In 1929, the stock market fervor was at its peak. F. Scott Fitzgerald was describing affluence in great detail in The Great Gatsby and great it was, and then the world was not so great. In Aug of 1929, if you were fully invested in the market and using the biggest companies, the Dow Jones 30, as your barometer your holdings would have peaked at 6700 and dropped to 961 by June of 1932. You would have lost 85% of your wealth in less than 3 years. Not even Leo Messi suffered like that. He plays a game and is extremely rich. America plunged into the Great Depression, and investors wouldn’t see their portfolios break even again until 1959. 30 years is what it took for their holdings to get back to inflation adjusted break even. We have talked about thought exercises for a while now and you can guess what this week will be. 30 years and your stocks return zero. Zip. Zilch. Nada.
Let’s look at one more time period:
By the mid-1960s the stock market had been going up seemingly forever, the Beatles had arrived in America and young girls were screaming over Ringo, the drive-in movie theater was the place to be and about half of America was under the age of 18. Religion is waning, the movie theater industry peaked in 1964, and the sexy summer of 1969 is right around the corner. A funny thing happened amongst all those good times though. In December of 1965, the Dow Jones hit 9300, a number it wouldn’t hit again until July of 1995. That’s right, it was another 30 years before the stock market got back to even. The markets sold off to 2553 in Jun of 1982. A 73% drop over 17 years so I again ask you, what would your portfolio look like if your portfolio declined 73% in the next 17 years? Would you still be on track for retirement? How do you think the Vanguard retirement date 2040 index will look then? During this time America went off the gold standard, oil prices spiked, lines at the gas pumps formed because there was an oil shortage, and two massive recessions followed a decade of stagflation. Suffering? You bet your ass, there was suffering.

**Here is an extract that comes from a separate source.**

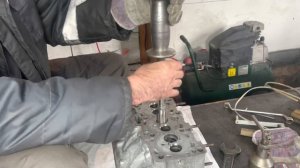 Как и чем извлекать седла клапанов из ГБЦ.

In 1950, 98% of men aged 25 to 34 worked while just 34% of the women worked outside the home. By 1980, 95% of men aged 25 to 34 worked but now 66% of women had to work to support their families. The slack was picked up by women working and bringing home a pay check to allow the same standard of living. Today, you ask? 87 percent of men work but 81% of women work in the 25 to 34 age brackets. The family has no more slack to pick up. A home that once required one breadwinner now requires two and don’t forget that the families are smaller today than then as well. In 1965 the average children per woman in America was over 3.5 and that dropped to below 2 by 1980. Think of it this way, less children and most families now had double income and the stock market still managed to decline for 17 years. There isn’t a third parent that can enter the workforce to help out today…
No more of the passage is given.